The Healing Power of Remembrance
I talk often about the power of story. Rarely, though, have I been so confronted with just how powerful story and remembrance can be specifically in the face of grief as I was this Monday at a talk at the New York Open Center.
In a discussion billed as “Keeping Alive the Memories of Lost Loved Ones for Healing and Resilience,” three luminaries—Henry Louis Gates, Jr., Soledad O’Brien, and Allison Gilbert—spoke openly about their own experiences and shed light on why the more you honor your family and friends who have passed, the more likely you are to reach your fullest potential in the present.
The Ambivalence around Memories for Those Who Are Grieving
“When loss is fresh, there is a school of thought that resurrecting memories is too painful. But the opposite is actually true,” said Allison Gilbert, author most recently of Passed and Present: Keeping Memories of Loved Ones Alive.
Anyone who has experienced loss will nod their heads in recognition at Gilbert’s words. It is in this time of need that other people so often remain quiet because they simply don’t know what to say.
Sheryl Sandberg, who has been making the talk-show rounds in support of her new book Option B: Facing Adversity, Building Resilience, and Finding Joy, echoes that experience, recently saying that after her husband Dave died, “People were so afraid of saying the wrong thing that they hardly said anything at all.”

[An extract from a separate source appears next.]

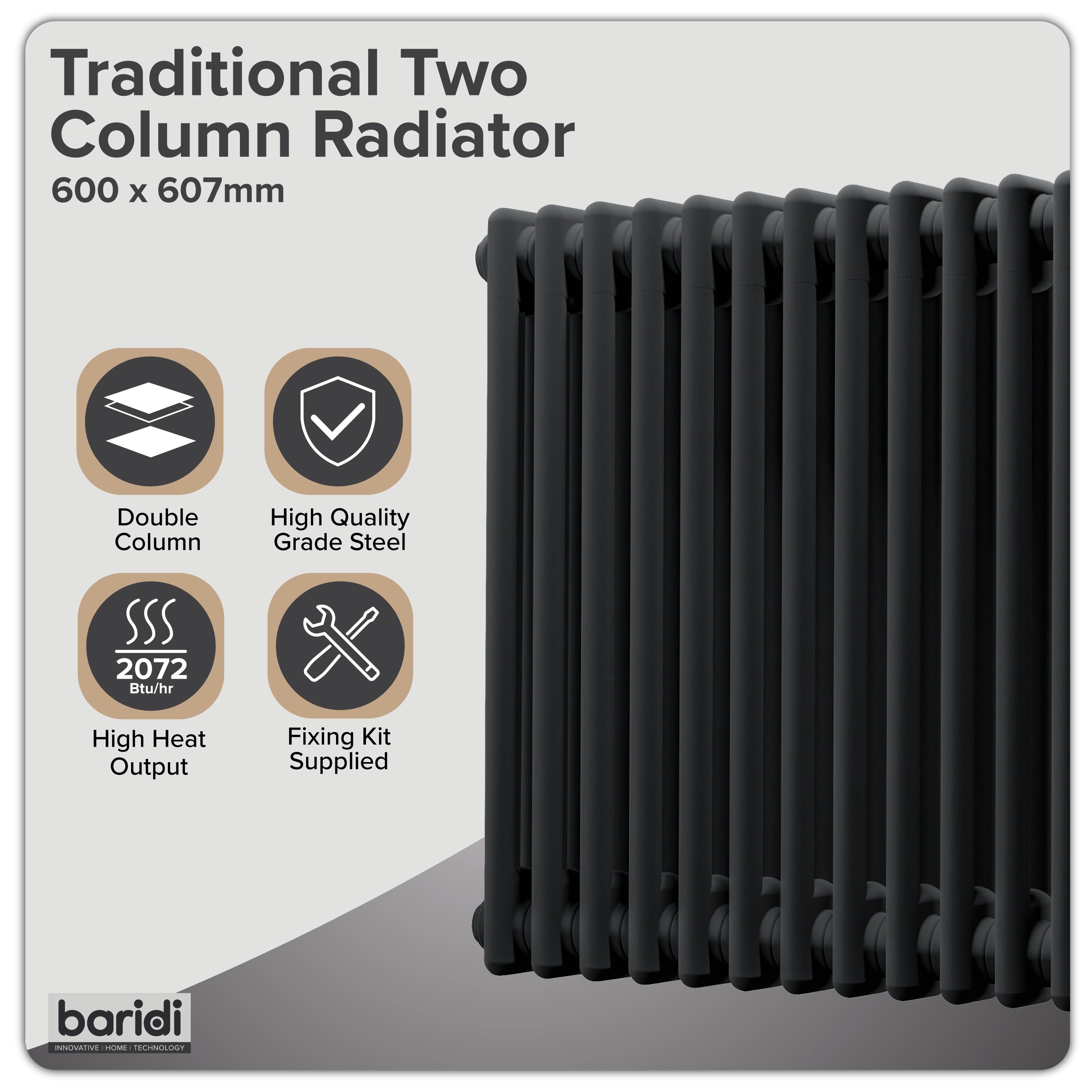 Baridi Horizontal Traditional 2 Column Radiator 600 x 607mm, Black - DH362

When Sandberg lost her husband in 2015, she lost her bearings; and her book is as much a helpful guide for those who have suffered a recent loss as it is for those who aren’t sure how to talk about loss or approach their friends who are grieving.
“I think a lot of people wanted to reach out to her, but they didn’t know how,” says Facebook CEO Mark Zuckerberg. “You know, there’s this whole question of, Are you reopening a wound or something? And of course, what she would say is ‘You’re not reopening the wound. I mean, it’s, like, open and gaping.’” [Time]
Nostalgia: Research Says It's Good
“There’s no time limit for grieving,” Gates said at the New York Open Center.
“And there is no roadmap to remembering,” added Gilbert. “Mourning allows you to be passive when you need to be passive. But at some point you’ve got to pivot from passive mourning to active remembrance.”
Her book Passed and Present hones in on highly specific ways to keep memories of lost loved ones alive, from memorializing a family recipe on a platter to creating a tribute book in your loved one’s memory. (I highly recommend Gilbert’s book for anyone hungry for ways to keep the spirit of your lost loved ones near.)
Taking intentional steps to remember those of our loved ones who are no longer with us is essential to healing our grief, building our resilience, and empowering our positive action in the world. Indeed, there is a huge body of current research that shows nostalgia—a sentimental longing for the past—is good for us, Gilbert said.
“Momentous life events, the primary fodder of nostalgia, entail cherished time spent with family, friends, and relationship partners…. which, when reflected upon, serve to impart meaning,” reads one hallmark study.
As Gilbert describes, “When we feel an intense bond with loved ones from our past, we're more likely to feel similar bonds with those around us in the present,” and this deep sense of connection in turn may assuage our grief.
The Value in Active Remembering
Gilbert’s children were born years after her mother’s death, and she said she “had this profound need to keep their memories alive for my children.” One powerful way to do that is through story sharing. “I don’t tell my kids stories about my mom and my dad. I tell them stories about their grandmother and their grandfather.”
“How we really communicate is through narrative,” O’Brien said. We are connecting people through the narrative: “You tell the story about your lost loved ones—it’s what you pass on. The narrative is what makes people live even if they’re dead.”
Memories are the connective tissue that binds one generation to the next, and the active nature of remembering is healing.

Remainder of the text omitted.